### Required action:
For the entries below, copy exactly the line that contains "Non eravamo mai" through the line that contains "1823 S Ervay Street Dallas TX 75215", both ends included, and exclude all pictures.

● ● ● ●

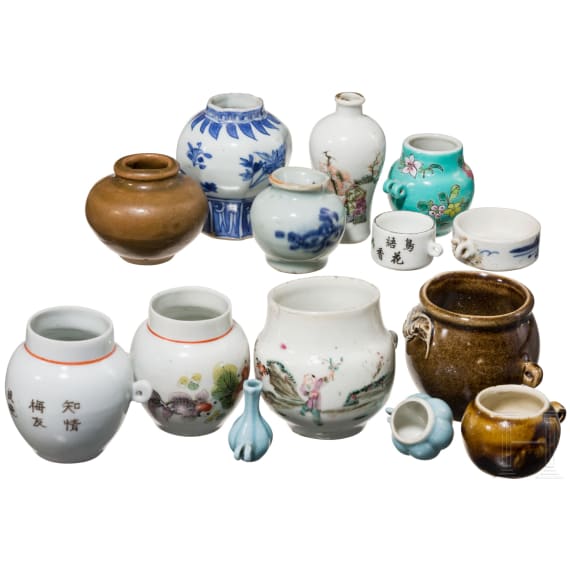 A set of 14 Chinese miniature porcelains, 18th - 20th century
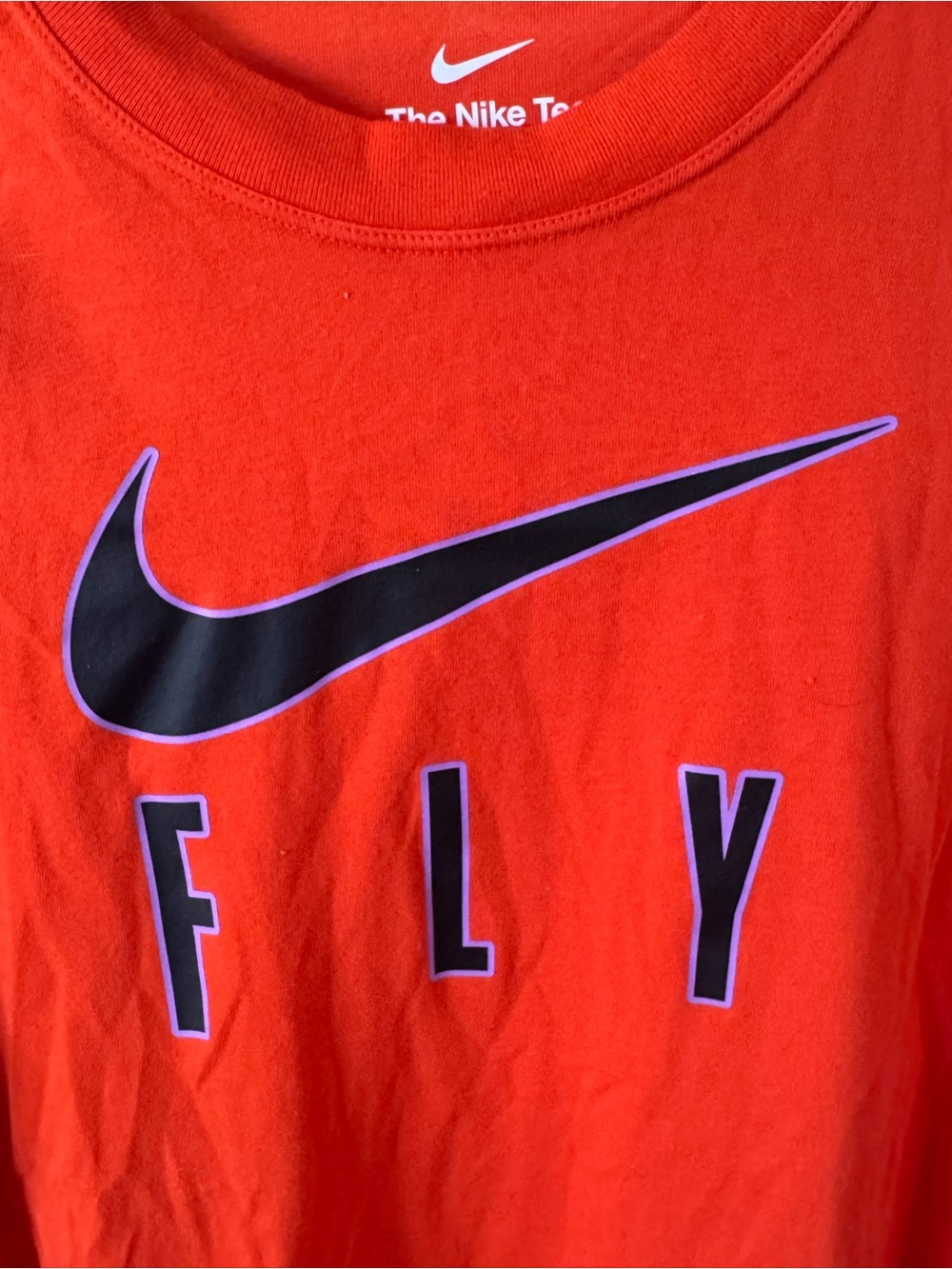 Nike Fly Red T-shirt with Black Swoosh loose fit - Picture 4 of 7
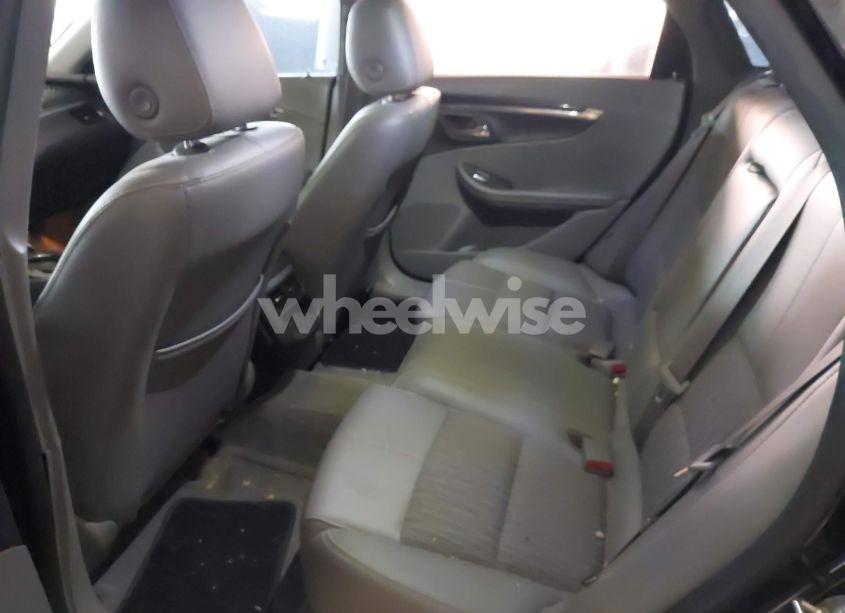 Photo 8 of 2015 Chevrolet Impala 2LT (VIN 1G1125S37FU108547)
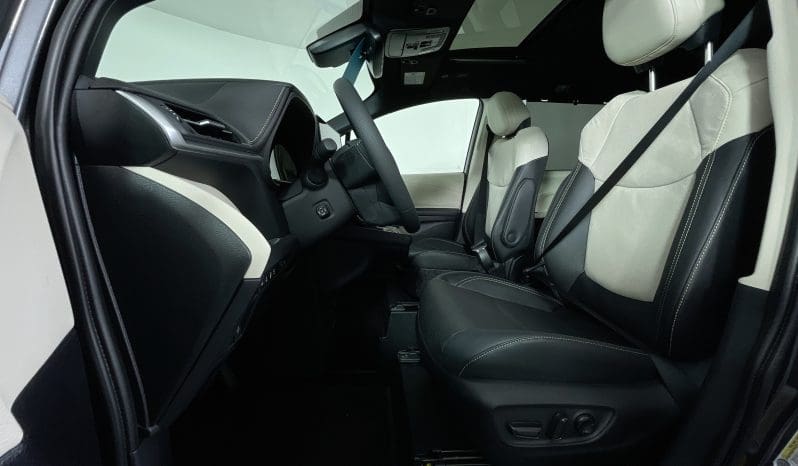 2025 Toyota Sienna Hybrid Platinum AWD |  Vantage Mobility Northstar Power Infloor Wheelchair Accessible Conversion full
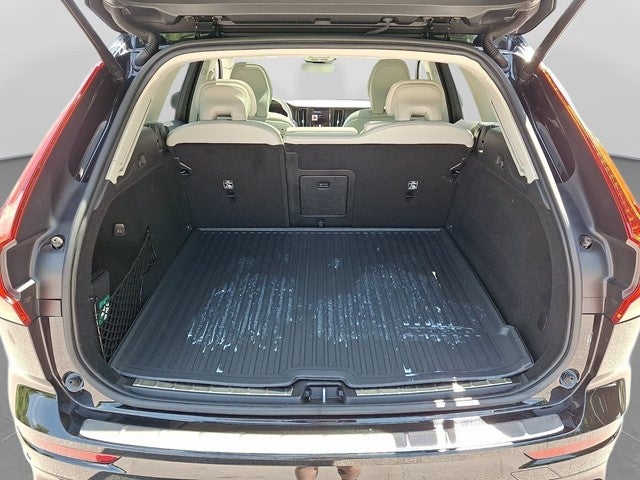 2024 Volvo XC60 B5 Ultimate Dark Theme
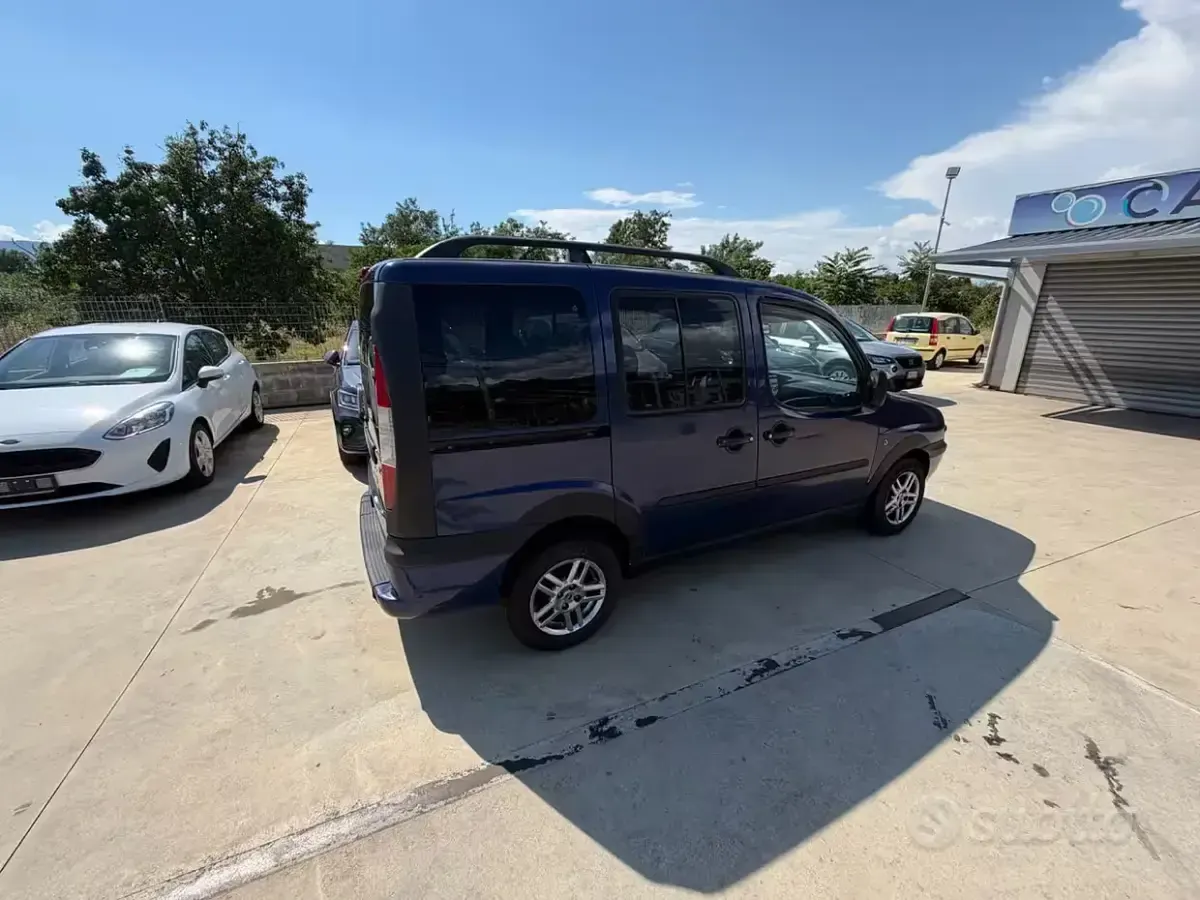 Usata Fiat Doblò 101 CV (74 kW) 2002 Blu Monovolume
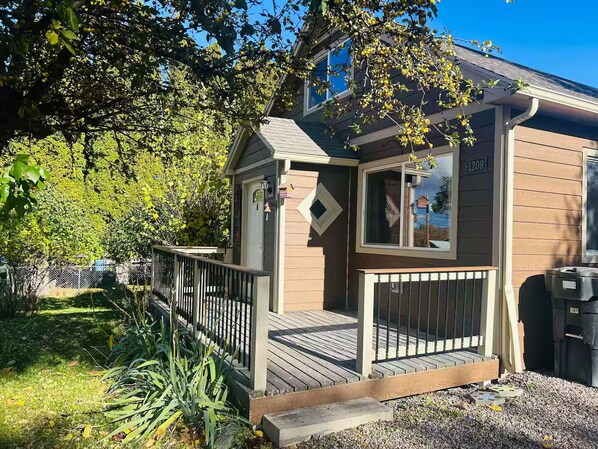Exterior - 8th Street Bungalow (Polson)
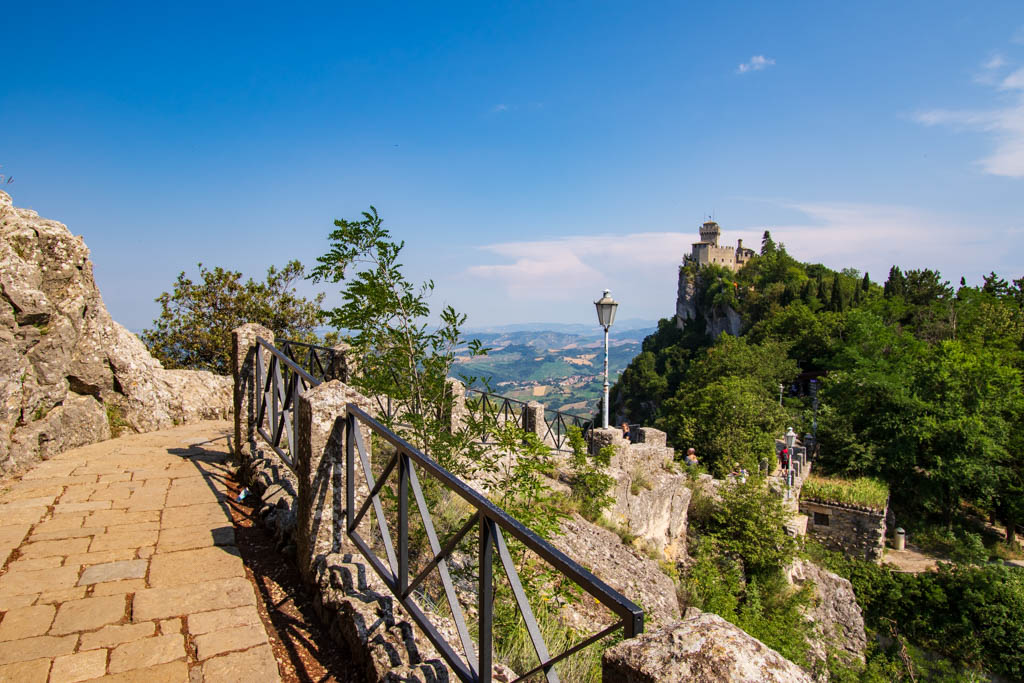 Non eravamo mai stati a San Marino che si presenta come un borgo medioevale con fortificazioni, torrette panoramiche, chiese, musei e...tante salite. 😄 Venite a scoprirla con noi: assaggidiviaggio.it/2023/11/cosa-v…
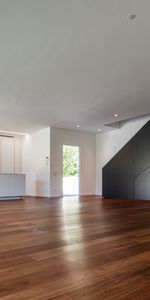 PROPRIETÀ IN AFFITTO ESCLUSIVA CON GIARDINO E PISCINA | EXKLUSIVES MIE - Foto 3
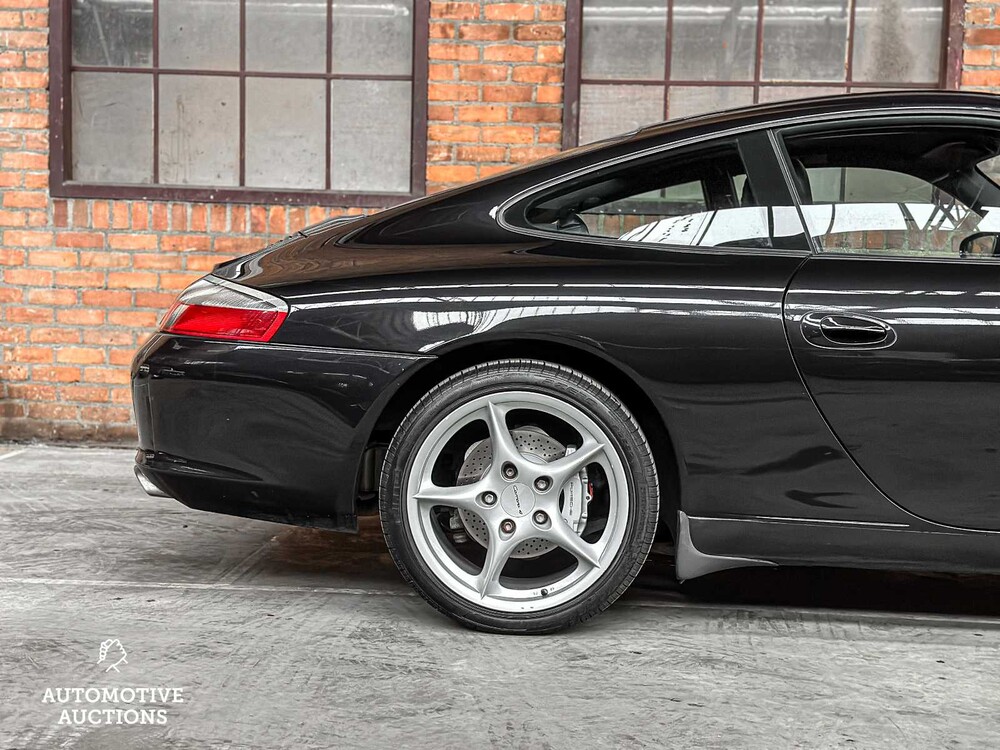 Porsche 911 Carrera 4 996 3.6 Coupé 320PS 2002, 83-TKV-4 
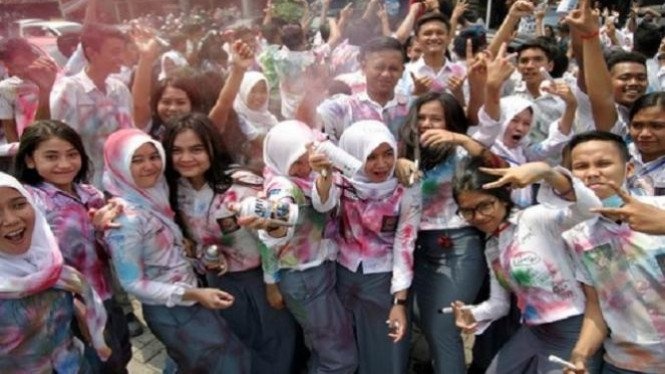 Apakah corat-coret seragam saat kelulusan diperkenankan? - Quora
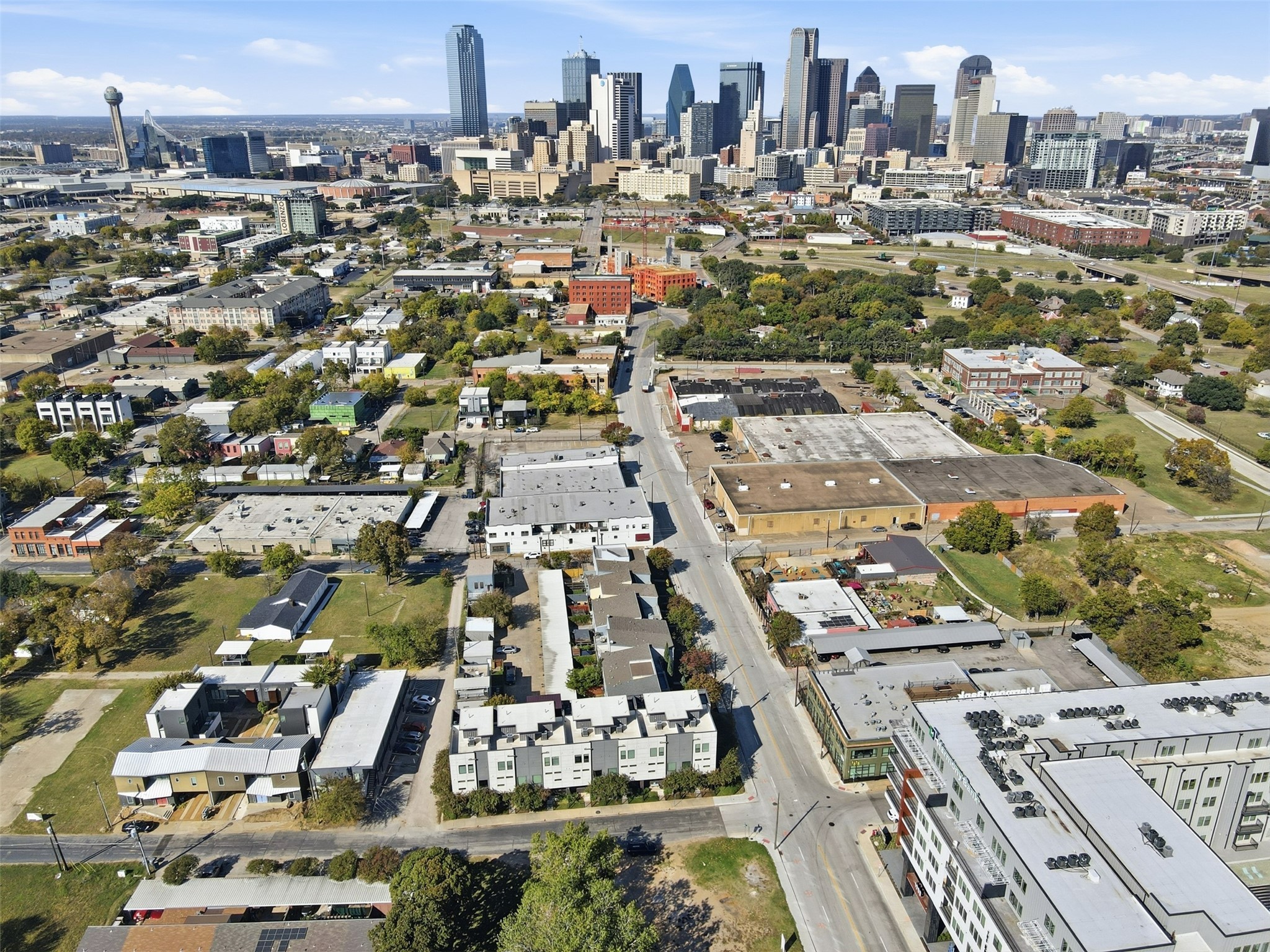 1823 S Ervay Street Dallas TX 75215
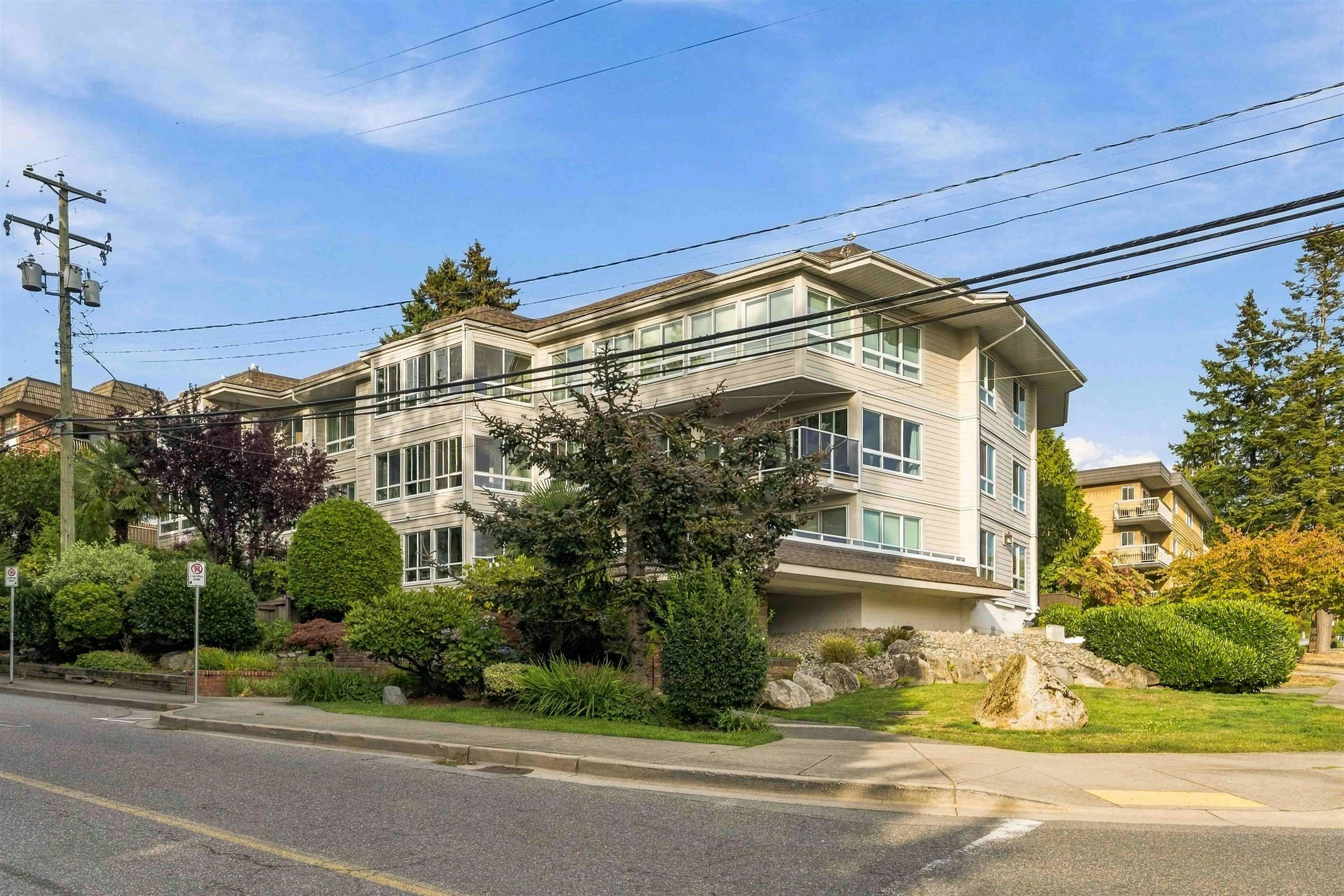 102-1322 Martin Street, Surrey, BC, V4B 3W5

● ● ● ●

### Response for this exercise:
 Non eravamo mai stati a San Marino che si presenta come un borgo medioevale con fortificazioni, torrette panoramiche, chiese, musei e...tante salite. 😄 Venite a scoprirla con noi: assaggidiviaggio.it/2023/11/cosa-v…
 PROPRIETÀ IN AFFITTO ESCLUSIVA CON GIARDINO E PISCINA | EXKLUSIVES MIE - Foto 3
 Porsche 911 Carrera 4 996 3.6 Coupé 320PS 2002, 83-TKV-4 
 Apakah corat-coret seragam saat kelulusan diperkenankan? - Quora
 1823 S Ervay Street Dallas TX 75215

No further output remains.